REPUBLIKA.CO.ID, JAKARTA -- Ketegangan yang melibatkan Gubernur DKI Jakarta Basuki Tjahaja Purnama alias Ahok dengan Sekretaris Daerah (Sekda) DKI Saefullah dianggap dapat mengganggu jalannya pemerintahan. Kepala Pusat Penerangan Kementerian Dalam Negeri Dodi Riyatmaji mengatakan, tidak seharusnya gubernur dan sekda DKI saling tuding di media massa.
Kalau keduanya ada masalah, pihaknya menyarankan agar dibahas secara baik-baik. "Saya sebenarnya tidak mau ikut campur. Secara pemerintahan, yang pasti kepala daerah mestinya satu tim dengan sekda. Tapi memang saya perhatikan, hobi untuk berkonflik ini memang melekat pada diri Pak Ahok," kata Dodi kepada Republika, Jumat (19/8).
Menurut Dodi, persaingan Pemilihan Gubernur (Pilgub) DKI 2017, hendaknya tidak sampai merembet pada persoalan pekerjaan di lingkungan Pemprov DKI. Menurut dia, jabatan gubernur dan sekda itu merupakan pucuk pimpinan yang saling membutuhkan satu sama lain. Karena itu, ia menyarankan agar keduanya bisa menghentikan konflik yang menjadi pembicaraan warga Ibu Kota tersebut.
"Posisi kepala daerah itu membahasakan politik menjadi sebuah kebijakan.
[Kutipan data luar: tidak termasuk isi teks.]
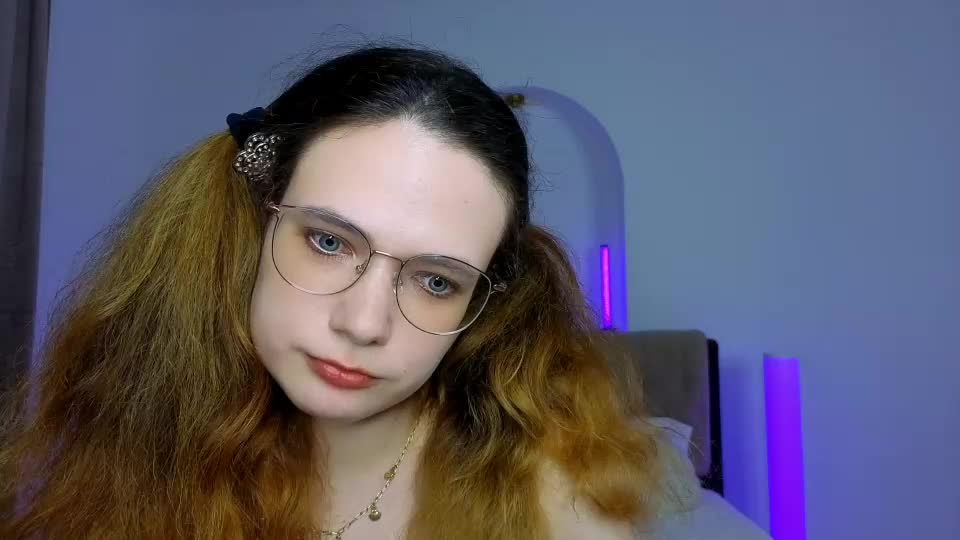 pinky_piee_ Webcam Chat July 6, 2026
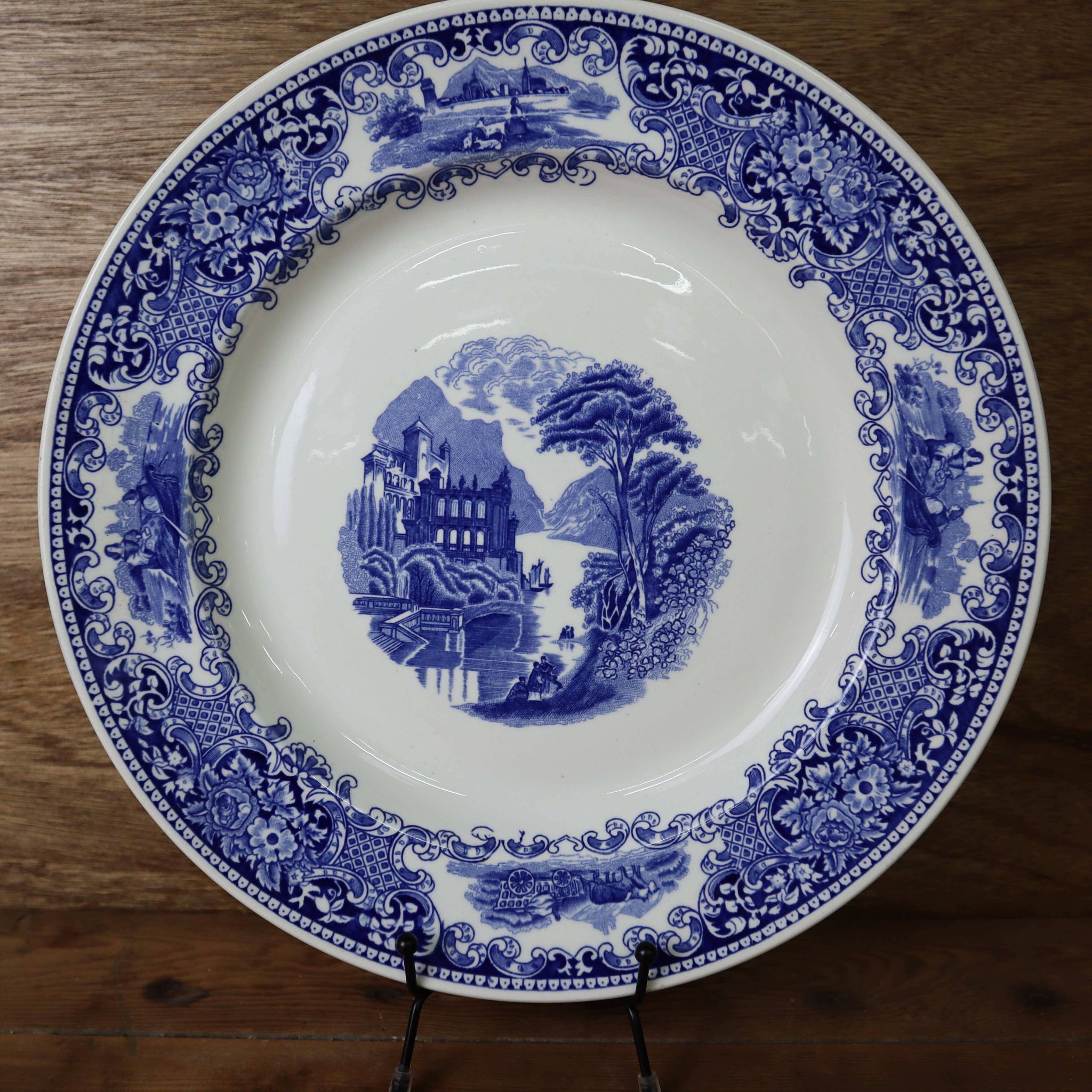 Plat rond creux Royal Sphinx Cambridge Holland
Sekda itu membahasakan kebijakan yang diadministrasikan agar tertib," ujar Dodi.
Pengamat politik Universitas Indonesia (UI) Maswadi Rauf mengatakan, Ahok tidak layak berkonflik dengan bawahannya gara-gara keduanya berpotensi berhadapan di Pilgub DKI. Menurut dia, jika terdapat perbedaan di dalam sebuah birokrasi, seharusnya dapat diselesaikan secara internal, tidak melalui media massa. Karena itu, ia menyebut, Ahok telah menyalahi kode etik demokrasi.
"Itu kan ada prosedurnya itu, ditegur, diberikan sanksi. Kalau tidak berubah ya diberhentikan. Itu, kan ada kewenangan atasan bukannya cekcok di depan umum, itu cara yang tidak benar itu," ujar Maswadi.
Maswadi menilai, cara Ahok menuduh Saefullah menggalang massa dengan menempatkan camat dan lurah pilihannya di depan publik, terlihat tidak mendidik di mata masyarakat. Bahkan, lanjut dia, tindakan Ahok bukan termasuk bagian dari demokrasi.